Increased Power for Agencies
When agencies take control of student inquiries, they gain significant market power, allowing them to dictate terms and conditions for instructors. By controlling the flow of students, agencies could easily shift the economic balance in their favor, leaving instructors with less leverage to negotiate fair terms for their services.
A Gig Economy for Dive Instructors
This model could transform the role of instructors into something akin to a “gig economy,” like Uber or Airbnb platforms. Instructors would become more like freelancers, dependent on the agency for job assignments rather than running independent businesses. The agency, like the platform in a gig economy, would control customer acquisition, while instructors would simply deliver the service.
Loss of Personal Branding
Dive professionals currently build their own reputations and personal brands through direct relationships with students. If agencies take over assigning students, instructors would lose the ability to market themselves directly. This would undermine their personal brand, making it difficult for them to stand out based on reputation, teaching style, or unique offerings.
Standardized Pricing and Training Models
Agencies might also introduce standardized pricing and training models, offering more predictable costs and experiences for students. However, this would reduce instructors’ flexibility to differentiate themselves through pricing or offer unique training experiences. Agencies could dictate pricing, potentially squeezing instructors’ profit margins and limiting their ability to tailor services.
Shift in Customer Loyalty
Currently, student loyalty is often directed toward individual instructors or dive centers because of personal relationships. If the agency takes over assigning instructors, this loyalty could shift toward the agency, making it harder for instructors to build long-term relationships with students who might seek further training, diving trips, or equipment purchases.
Instructors as Service Providers
In such a system, instructors would move from being independent business owners to service providers on behalf of the agency. This shift could lead to diminished decision-making power, lower earnings, and a reduction in job satisfaction for professionals who value the entrepreneurial aspect of their role. The “Scuba Uber” model would effectively transform them into gig workers.
Quality Control and Consistency
On the positive side, centralized control might lead to better quality and consistency in dive training. Agencies would have more oversight on who teaches courses, ensuring instructors meet certain performance and safety standards. However, this could stifle diversity in teaching approaches, leading to a more standardized and less personalized student experience.
Increased Competition Among Instructors
With agencies controlling student assignments, competition among instructors could intensify. Agencies might favor those with higher certification levels, better feedback, or those willing to work for lower rates. This could create a highly competitive and less stable work environment, especially in regions with many instructors vying for the same students.

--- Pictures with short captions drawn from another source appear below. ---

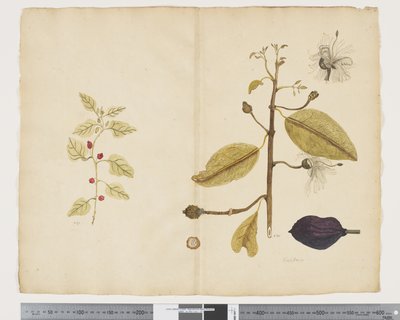 Tetragonia implexicoma; Caparis nobilis 
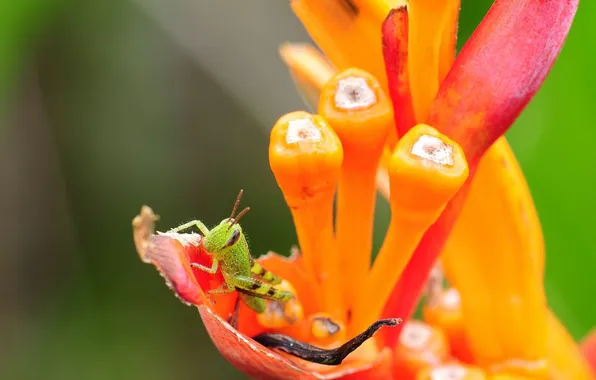 Picture flower, green, plant, grasshopper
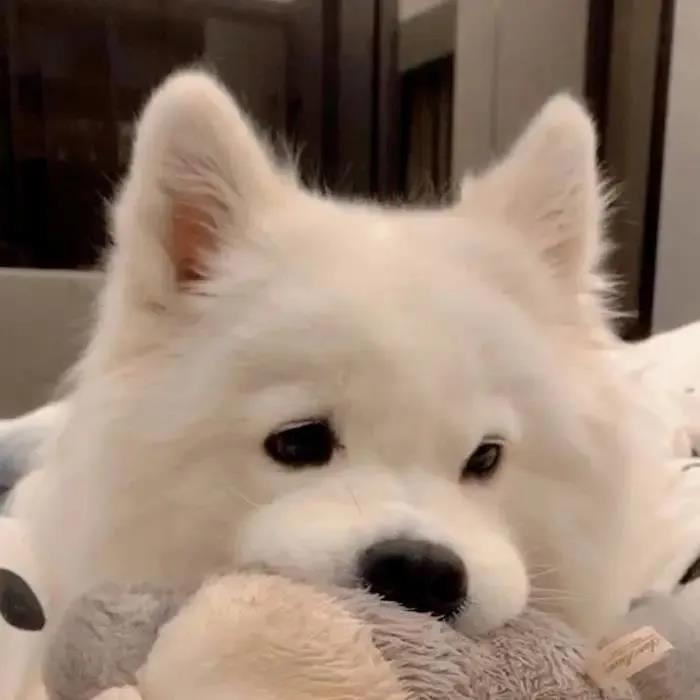 猫咪治病能服中药吗?探索传统医学在现代宠物护理中的应用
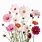 Cosmos Flower PNG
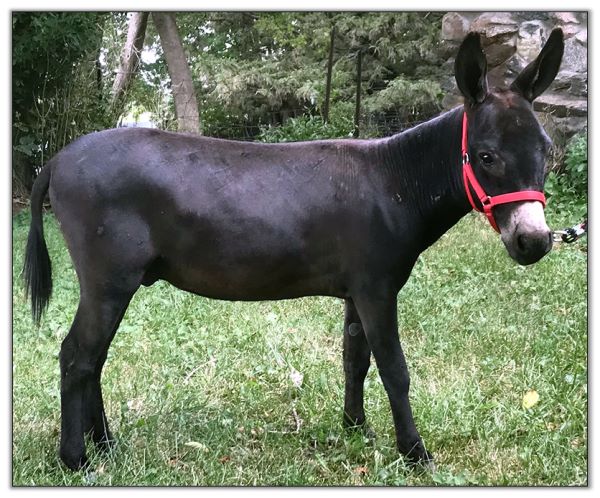 Lot 30  -  Kotas Ozcar BL, miniature donkey jack selling on August 6th, 2022, at the North American Select Miniature Donkey Sale.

Greater Responsibility for Agencies
Agencies would bear greater responsibility for customer satisfaction and managing instructor performance. They would likely enforce stricter oversight, ensuring that instructors adhere to agency policies to continue receiving student assignments. However, this pressure could lead instructors to prioritize positive feedback over quality training, compromising the overall experience.
Conclusion: A Shift in Power
If dive agencies become the primary point of contact for students and begin assigning instructors, the power dynamic in the industry would shift heavily in favor of the agencies. Dive professionals would lose much of their independence, becoming more dependent on agencies for work, and their ability to control pricing, customer relationships, and business growth would diminish.
To avoid this, dive professionals must rethink their approach to marketing. By promoting the agency’s brand in their advertising, they further entrench this dynamic.
To regain control over their businesses, instructors may need to remove agency branding from their promotions and focus on marketing their own services and reputation.
This would allow them to maintain autonomy and protect their role as independent professionals in the dive industry.